------ Data in this exercise

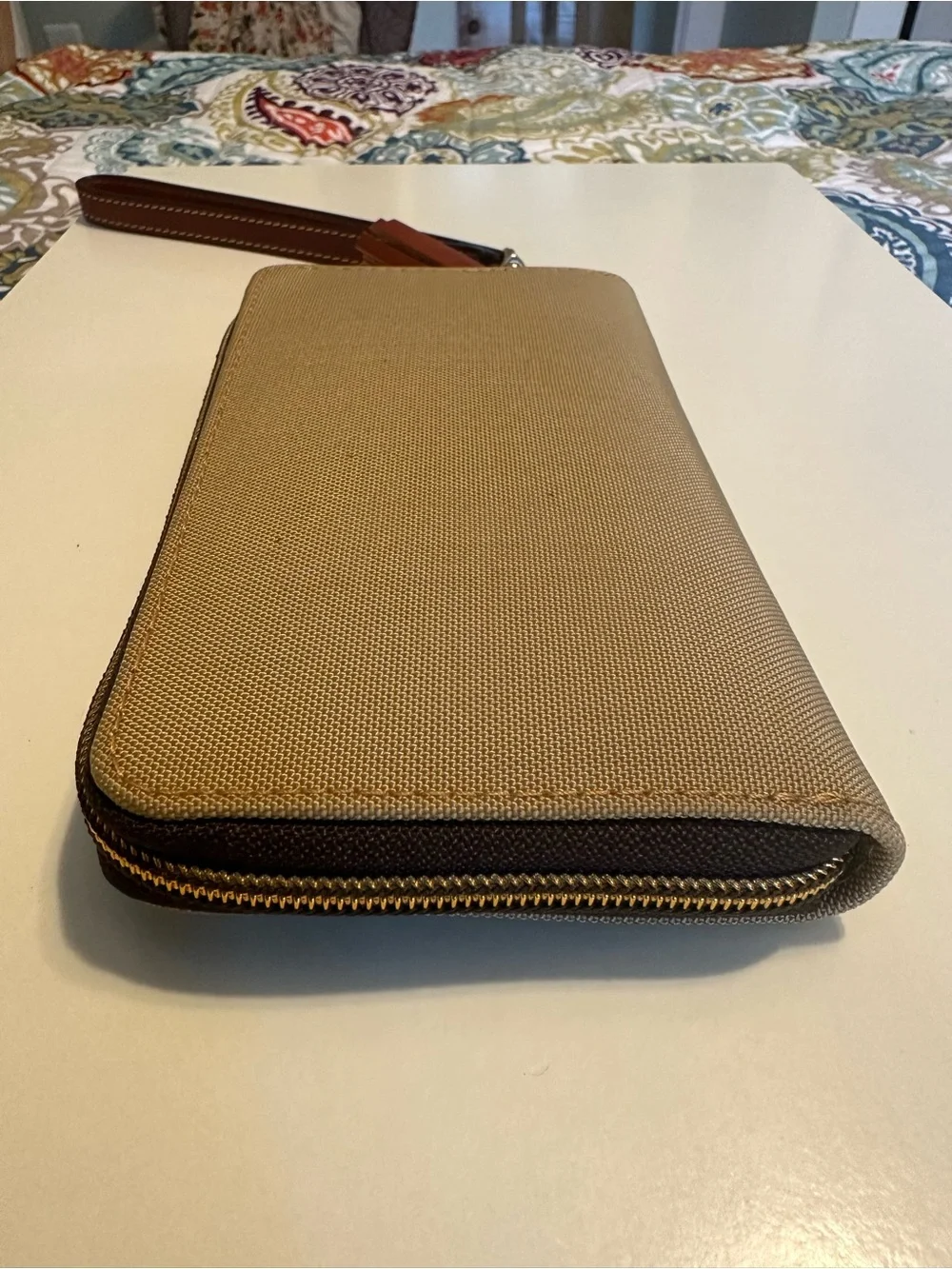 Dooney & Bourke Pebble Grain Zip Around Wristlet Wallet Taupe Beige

------------
------ Data in this exercise

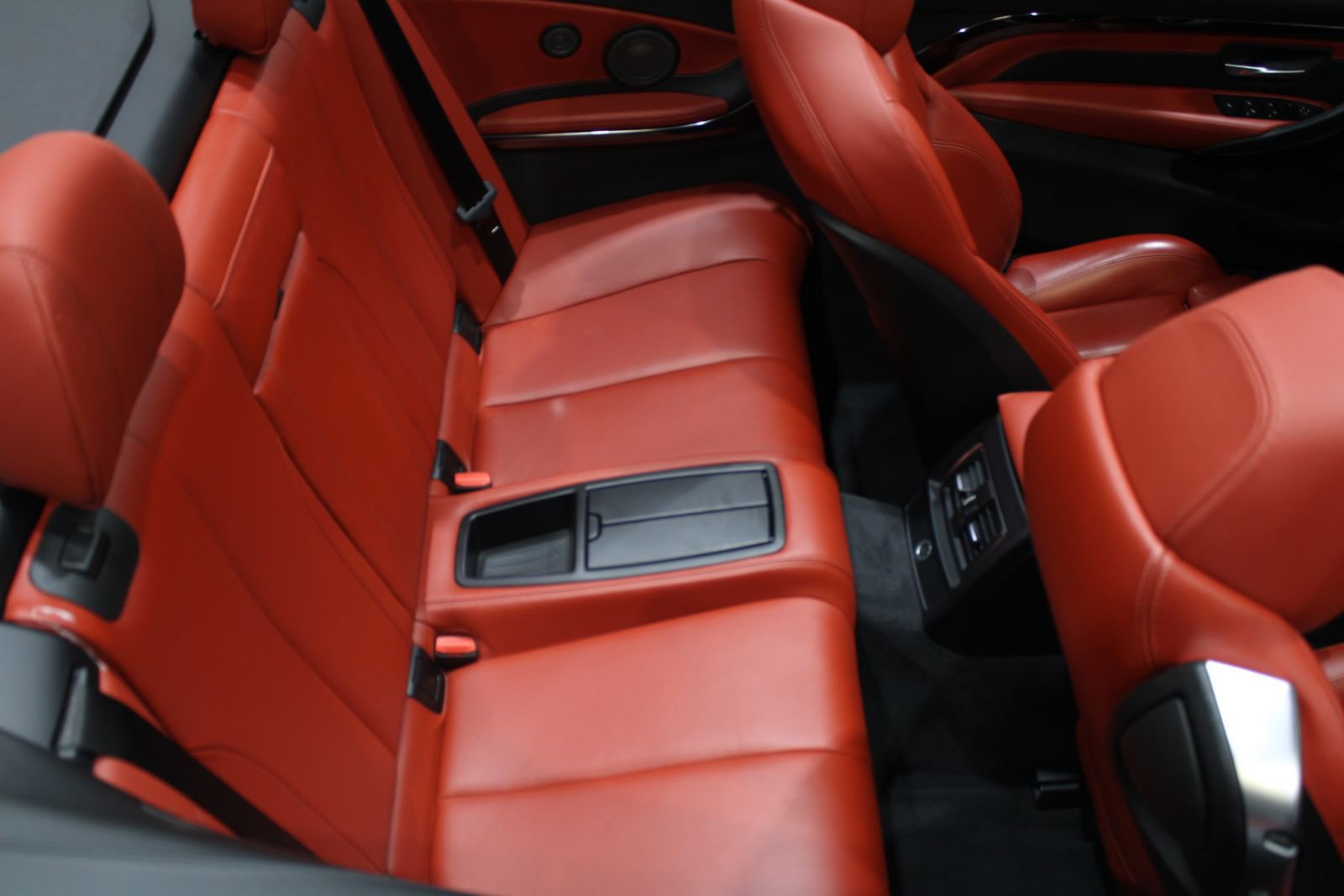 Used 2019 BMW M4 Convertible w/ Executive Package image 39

------------
------ Data in this exercise

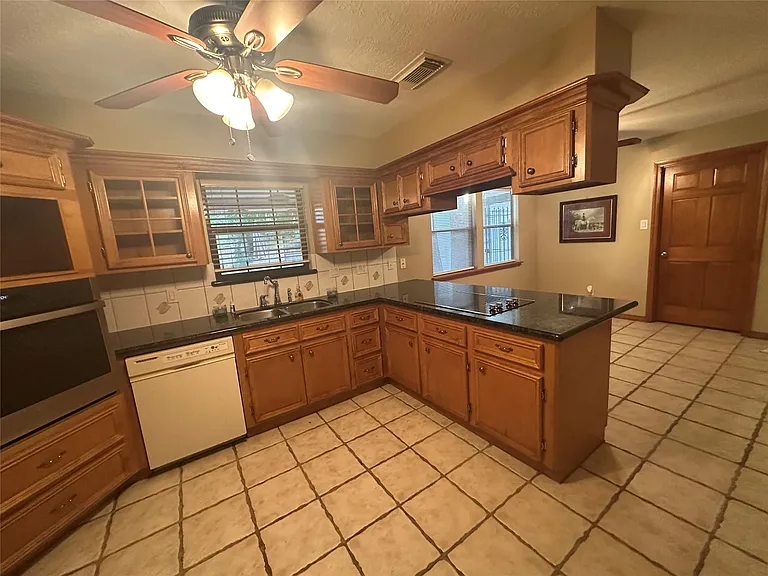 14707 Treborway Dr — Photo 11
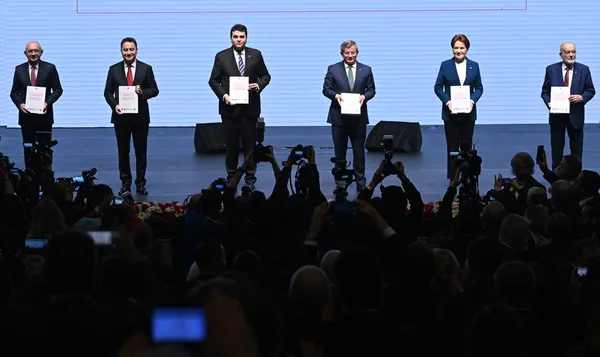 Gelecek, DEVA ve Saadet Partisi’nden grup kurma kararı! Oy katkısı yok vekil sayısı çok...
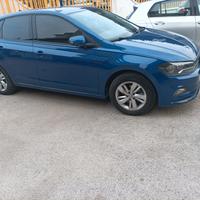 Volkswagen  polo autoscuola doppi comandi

------------

▸ **Prompt**:
With the pictures omitted, restate word for word the lines above from the line that has "14707 Treborway Dr — Photo 11" up to and including the line that has "autoscuola doppi comandi", and no other lines.

▸ **Exercise result**:
 14707 Treborway Dr — Photo 11
 Gelecek, DEVA ve Saadet Partisi’nden grup kurma kararı! Oy katkısı yok vekil sayısı çok...
 Volkswagen  polo autoscuola doppi comandi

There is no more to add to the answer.